This article is about succession planning. But it’s not the kind of succession planning you’ve ever seen discussed in Agency Sales magazine.
Let me explain. MANA gives lots of attention to succession planning that helps representative firm owners thinking about retirement to sell their firms and transition to new owners.
That’s the kind of succession planning that is done when a relationship is ending.
But there is another kind of succession planning that is done before a relationship even starts. And it is that beginning-of-the-relationship succession planning that I discuss in this article.
This beginning-of-the-relationship succession planning happens before a representative firm and a new principal launch a new relationship. That’s when the representative firm has to think not only about launching this relationship, but also about what will happen in the distant future when this new relationship eventually ends.
Succession planning, in this case, is this representative’s plan to protect his or her rights when there is a succession of this principal to a new path to market.
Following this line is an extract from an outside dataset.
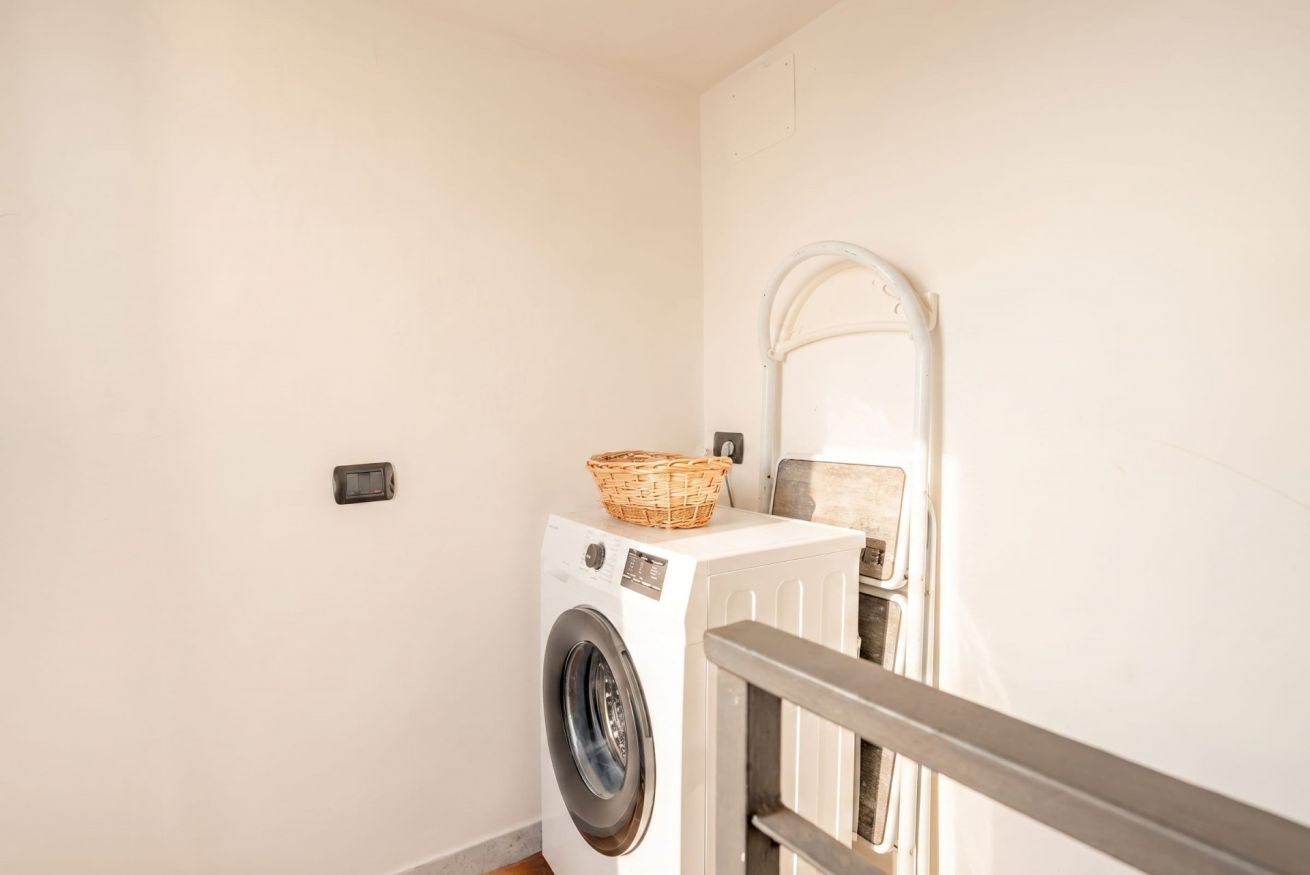 A laundry room with a washing machine, a basket on top, and a metal railing.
This aspect of succession planning asks the “what if” questions now about what that separation in the far future will look like if the principal switches to a successor: another representative firm, a direct salesperson, or even “we don’t need a salesperson, we can handle this from headquarters.” Those “what if” questions include:
- What if the representative is tremendously successful and commission payments spike beyond anything the principal expected to pay?
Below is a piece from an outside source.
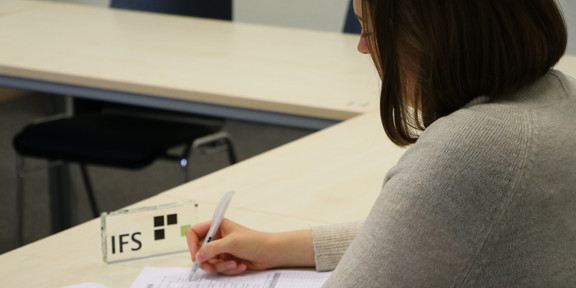 IFS Eine Person füllt einen Papierfragebogen neben einem IFS-Aufsteller aus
- What if the sales manager who gave me verbal promises not written into the agreement moves on to a new company?
- What if a venture capital firm buys the principal to quickly flip it?
- What if principal sells off all its assets, leaving only an empty shell with no resources to honor its commission obligations?
A representative-savvy attorney can craft agreement language that answers these “what if” questions so that years or decades later when the relationship eventually ends the representative and principal already know what that separation will look like.
The representative firm’s only chance to shape what that far-away separation will look like is usually before the agreement is signed. And when it comes to most of the signed agreements representatives have shared with me, that would be something completely different.